» YOUR TASK
The entries below must be restated word for word.
--*--
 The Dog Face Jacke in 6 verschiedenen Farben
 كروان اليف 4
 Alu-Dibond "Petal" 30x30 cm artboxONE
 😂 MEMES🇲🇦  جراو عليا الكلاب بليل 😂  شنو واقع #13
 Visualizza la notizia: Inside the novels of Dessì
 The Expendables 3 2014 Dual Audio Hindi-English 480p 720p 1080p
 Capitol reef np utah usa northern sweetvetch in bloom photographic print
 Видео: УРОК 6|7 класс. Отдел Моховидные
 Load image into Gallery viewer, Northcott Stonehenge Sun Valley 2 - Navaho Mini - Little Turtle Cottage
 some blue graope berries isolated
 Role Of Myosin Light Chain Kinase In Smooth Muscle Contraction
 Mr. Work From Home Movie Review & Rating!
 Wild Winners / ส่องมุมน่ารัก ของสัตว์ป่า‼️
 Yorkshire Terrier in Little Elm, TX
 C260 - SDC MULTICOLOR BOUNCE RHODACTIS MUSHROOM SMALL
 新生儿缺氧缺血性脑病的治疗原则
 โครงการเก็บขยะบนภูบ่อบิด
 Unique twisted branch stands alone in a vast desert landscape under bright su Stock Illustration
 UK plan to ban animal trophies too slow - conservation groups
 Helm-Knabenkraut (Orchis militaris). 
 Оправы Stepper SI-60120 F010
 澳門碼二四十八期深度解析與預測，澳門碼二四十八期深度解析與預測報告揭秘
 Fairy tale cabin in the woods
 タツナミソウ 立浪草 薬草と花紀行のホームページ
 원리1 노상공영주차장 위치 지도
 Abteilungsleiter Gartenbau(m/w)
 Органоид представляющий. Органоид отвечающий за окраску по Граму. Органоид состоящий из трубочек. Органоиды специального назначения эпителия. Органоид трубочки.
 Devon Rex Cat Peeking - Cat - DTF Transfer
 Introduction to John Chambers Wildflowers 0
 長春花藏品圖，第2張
--*--
» PROBLEM SOLUTION
 The Dog Face Jacke in 6 verschiedenen Farben
 كروان اليف 4
 Alu-Dibond "Petal" 30x30 cm artboxONE
 😂 MEMES🇲🇦  جراو عليا الكلاب بليل 😂  شنو واقع #13
 Visualizza la notizia: Inside the novels of Dessì
 The Expendables 3 2014 Dual Audio Hindi-English 480p 720p 1080p
 Capitol reef np utah usa northern sweetvetch in bloom photographic print
 Видео: УРОК 6|7 класс. Отдел Моховидные
 Load image into Gallery viewer, Northcott Stonehenge Sun Valley 2 - Navaho Mini - Little Turtle Cottage
 some blue graope berries isolated
 Role Of Myosin Light Chain Kinase In Smooth Muscle Contraction
 Mr. Work From Home Movie Review & Rating!
 Wild Winners / ส่องมุมน่ารัก ของสัตว์ป่า‼️
 Yorkshire Terrier in Little Elm, TX
 C260 - SDC MULTICOLOR BOUNCE RHODACTIS MUSHROOM SMALL
 新生儿缺氧缺血性脑病的治疗原则
 โครงการเก็บขยะบนภูบ่อบิด
 Unique twisted branch stands alone in a vast desert landscape under bright su Stock Illustration
 UK plan to ban animal trophies too slow - conservation groups
 Helm-Knabenkraut (Orchis militaris). 
 Оправы Stepper SI-60120 F010
 澳門碼二四十八期深度解析與預測，澳門碼二四十八期深度解析與預測報告揭秘
 Fairy tale cabin in the woods
 タツナミソウ 立浪草 薬草と花紀行のホームページ
 원리1 노상공영주차장 위치 지도
 Abteilungsleiter Gartenbau(m/w)
 Органоид представляющий. Органоид отвечающий за окраску по Граму. Органоид состоящий из трубочек. Органоиды специального назначения эпителия. Органоид трубочки.
 Devon Rex Cat Peeking - Cat - DTF Transfer
 Introduction to John Chambers Wildflowers 0
 長春花藏品圖，第2張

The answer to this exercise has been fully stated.